I wondered why Laura Brown is written into the novel. What is her role? Is she necessary?
Of all the characters in the novel, Laura Brown was the one I liked the most. Virginia seemed too absorbed and convoluted, which isn't necessarily bad, but these qualities did place a barrier between the reader and the writer. Clarissa seemed too giving, too mellow, and rather superficial in her ability to erase any discomfort she might feel.
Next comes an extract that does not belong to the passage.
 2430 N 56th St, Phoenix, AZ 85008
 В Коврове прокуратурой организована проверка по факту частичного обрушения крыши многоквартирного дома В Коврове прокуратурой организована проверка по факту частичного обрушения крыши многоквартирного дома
Virginia is a character struggling with her Art: for she is an artist first and foremost. For that character to find happiness, she must have the freedom to write, a room of her own, which is denied her when her husband removes her away from the sparkling brilliance of London into the dreary confines of a country estate, for the sake of a "rest cure", an attempt to cure her mania. Virginia, despite her struggles, is a great novelist for she works hard at her craft, as if it is the only thing that matters.
Clarissa, with her poise, demeanor, and connections to the rich and famous, appears rather shallow at first. Although she does exhibit having experienced the semblance of an "awakening" by the end, I found the effect quite flat. Whereas she had been previously satisfied with giving lavish dinner parties, entertaining famous people, and being faithful to her long-term lover Sally, her "unraveling" to Louis, and Richard's catastrophic death have shown her that it is the moment that matters, that everything else is secondary. Though Clarissa is shocked by her friend--and ex-boyfriend's--sudden demise, she does not weep and in fact, a part of her contemplates suicide. But only for a fleeting moment. We later see her, after hearing Laura Brown's confession, making love to Sally, who has had her own awakening, values her partner, and is eager to reignite the flames of their relationship. But what has changed for Clarissa? Will she be satisfied with her relationship with Sally? Will she continue to give lavish parties? Will she accept her daughter's friendship with a working-class woman? More importantly, how much will she want?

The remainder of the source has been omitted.